Abney et al. (Reference Abney, Paxton, Dale and Kello2014) also found more tapering for affiliative compared with argumentative conversations. This difference indicates that speakers can alter the degree of hierarchical temporal structure based on the mode of conversation. The authors conjectured that the argumentative conditions triggered more formal speech registers that, among other factors, caused speakers to enunciate more carefully and clearly compared with affiliative conversations in which speaking can be looser and more fluid. This conjecture is supported by the finding that hierarchical temporal structure changed in the prosodic timescales of hundreds of milliseconds and longer, rather than more fine-grained phonetic features that speakers may not be able to control. Since this first study, three other studies of speech under varying conditions have found similar effects that corroborate the original conjecture.
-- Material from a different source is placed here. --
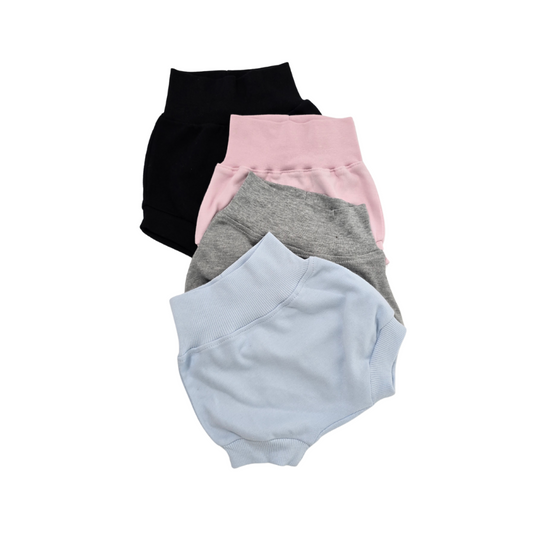 Baby Ribbed waisted Puffy Shorts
First, Kello et al. (Reference Kello, Bella, Médé and Balasubramaniam2017) compared hierarchical temporal structure measured in original TED talk recordings with those created by Google speech synthesis when reading transcripts of the talks. Allan Factor analysis showed that prosodic timescales for synthesized speech were devoid of temporal structure compared with original recordings, in that the Allan Factor function tapered off to a flat line. Given that the same words were spoken in both conditions, this result can be attributed to the failure of speech synthesis (at the time) to use prosody as a channel for communicating meaning and emotion.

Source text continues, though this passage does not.